CHANDIGARH, India (AP) _ Flash floods and landslides triggered by heavy rains have devastated a region of northern India, killing at least 140 people, officials and news reports said Tuesday.

The downpour that began Monday in the state of Himachal Pradesh caused two rivers, the Sutlej and Andhara rivers, to overflow their banks. The resulting floods wiped out about a dozen villages and cut off main roads to the area, 150 miles from Chandigarh, the nearest big city.

In less than a day, the floods had destroyed hundreds of homes, leaving people stranded in the Himalayan foothills. Where homes once stood, cascading water carried away uprooted trees, cooking gas cylinders and pots and pans, witnesses said.

More than 100 people died in the village of Chirgaon alone, and many more were injured, said B.D. Sharma, a spokesman for the state government. Floods washed away the village temple, the school building, homes, police posts and shops, he said.

Complete details were not available because rains and damaged roads had disrupted communications and made it difficult for rescue teams to move in. The death toll, Sharma said, may rise because officials who reached the remote mountainous area late Monday night were just checking in.

Several bridges also were washed away in the floods, Press Trust of India news agency said.
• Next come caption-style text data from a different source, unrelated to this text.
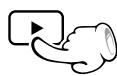 KENWOOD DVT-6300 - CD emploi de l'écran de télévision pour commencer la lecture de CD - 9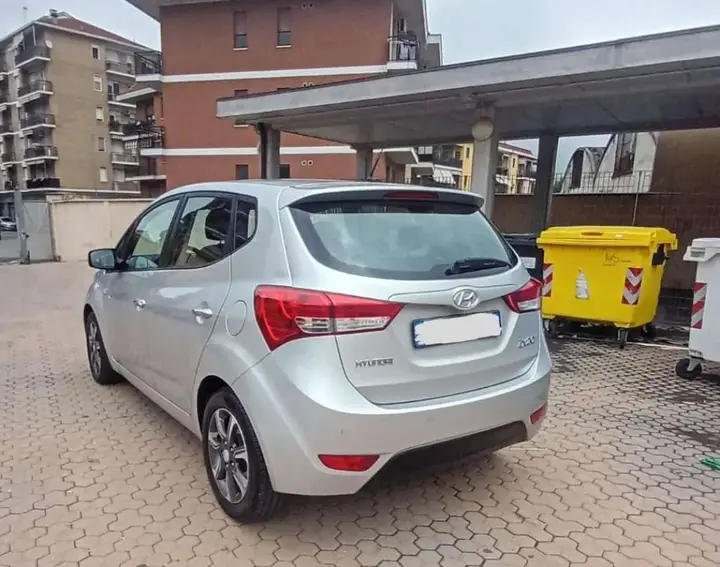 Hyundai I20 2015 photo 4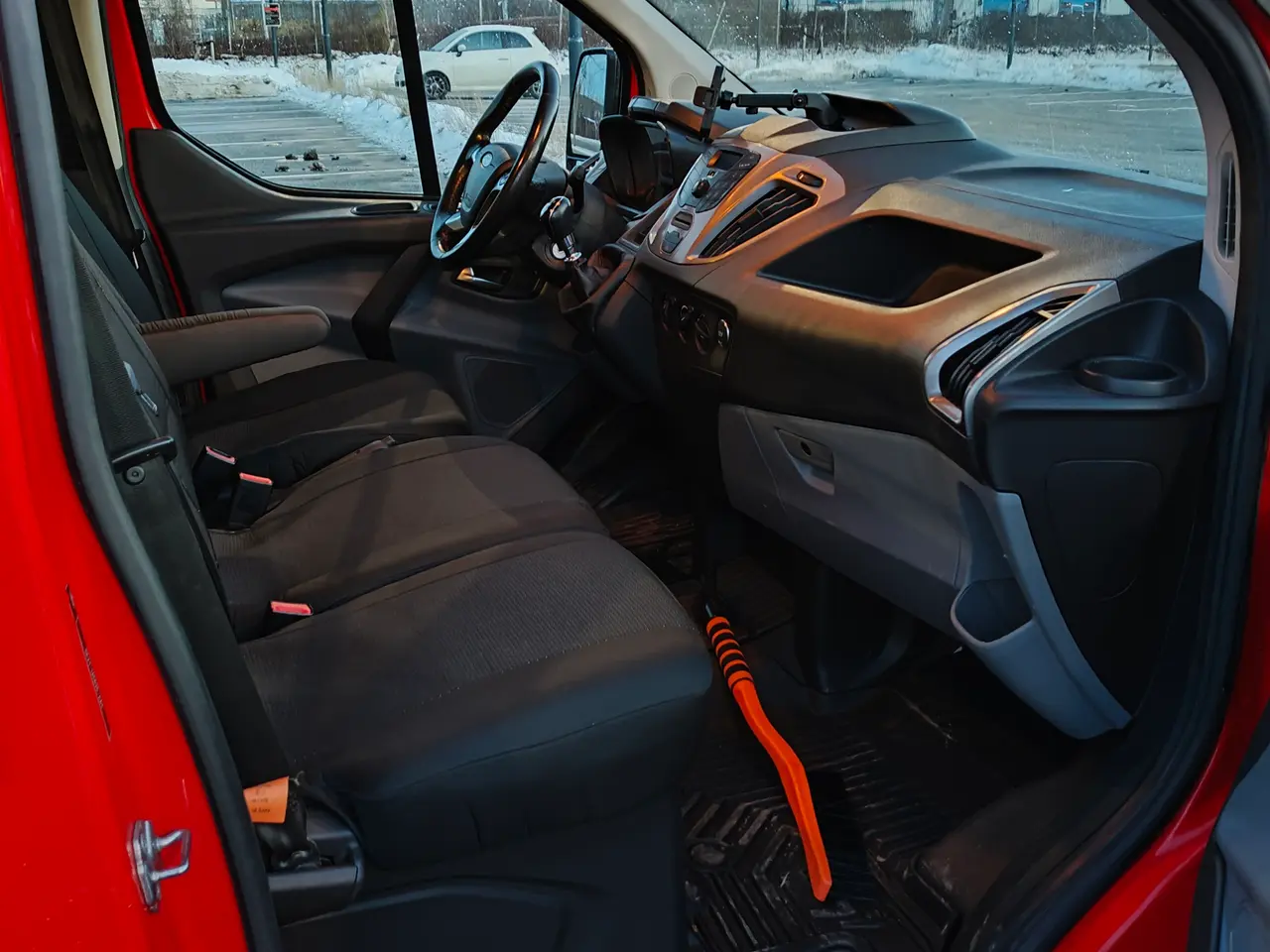 Billede 4 - Ford Transit Custom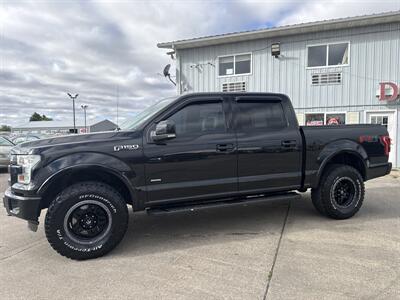 2015 Ford F-150 Lariat   - Photo 2 - South Sioux City, NE 68776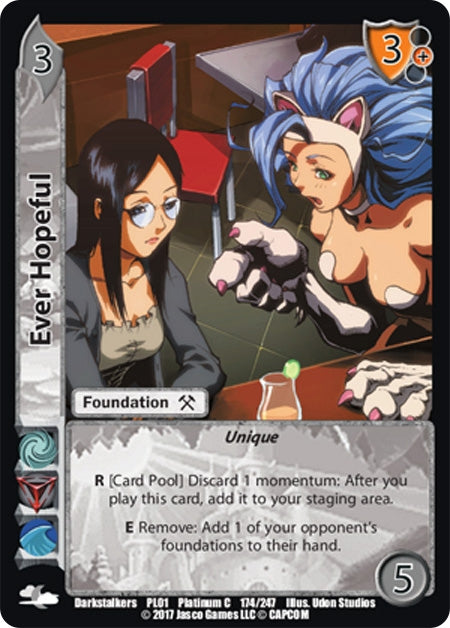 Image for Ever Hopeful (Capcom Platinum Series) (174) - UniVersus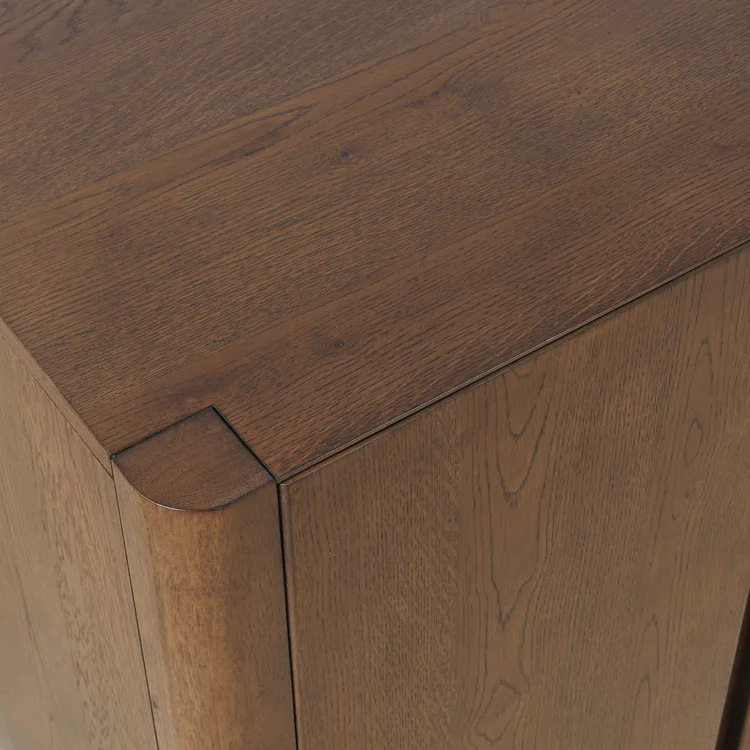 Jofran Carson's Oak 4-Door Server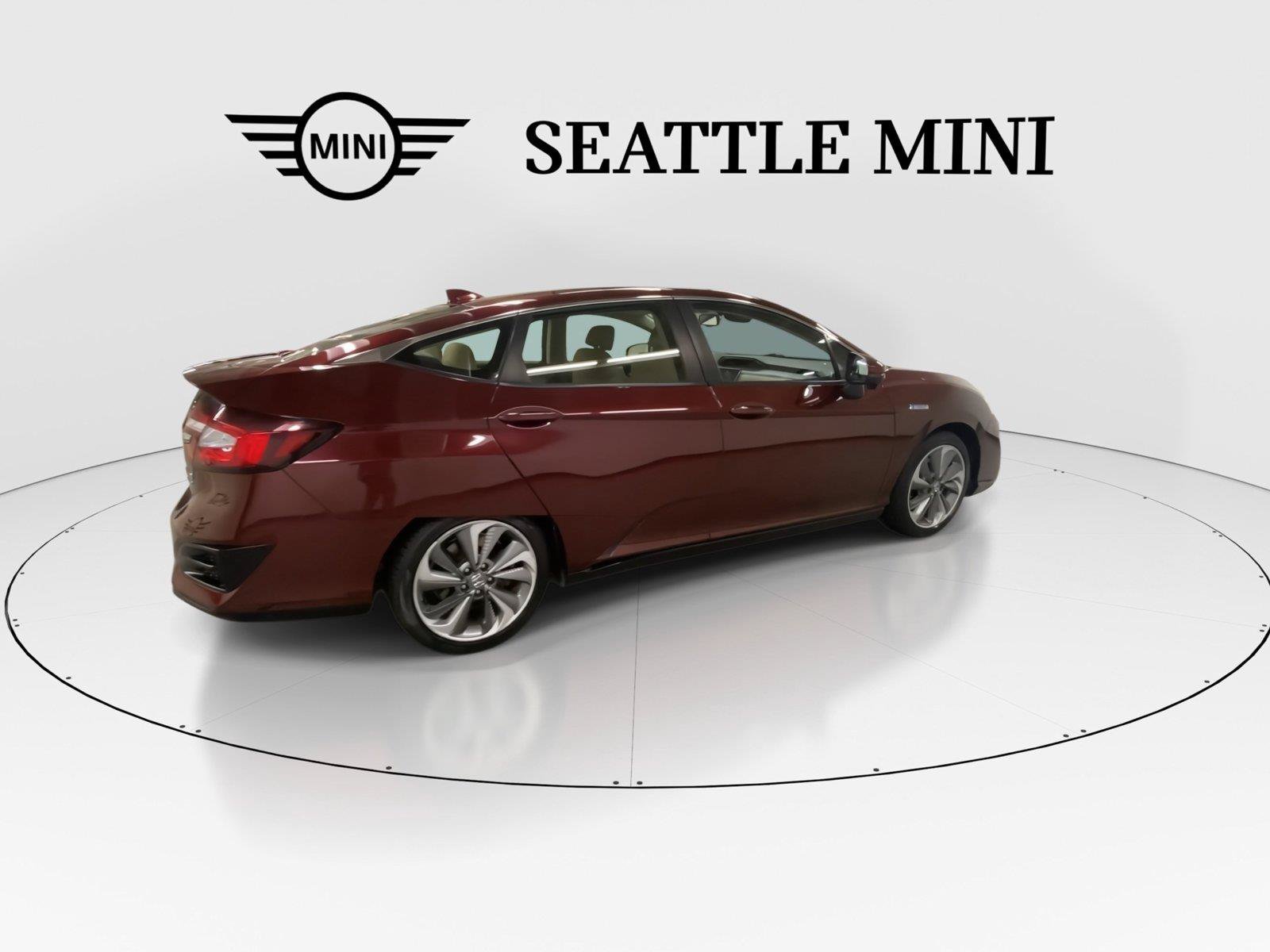 Used 2018 Honda Clarity Touring image 12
The worst-affected district was Chamba through which flows the Sutlej, one of the biggest rivers in the area originating in the glaciers of Tibet.

Another 12 people were killed in the district of Kinnaur, where a huge landslide dumped part of a mountainside into the Sutlej, creating a huge lake that was threatening to enlarge and envelop several villages, officials said.

The floods also were threatening a dam on the Andhara river, Sharma said. If the dam ruptured, scores of villages could be washed away.

Property worth $700,000 was destroyed in the floods, Press Trust reported.

Annual monsoon rains begin in June each year and usually end by mid-August. Before Monday’s deluge began, more than 420 people had been killed in India in floods, landslides and collapsing homes this season. The rains, however, also bring relief from India’s harsh summers.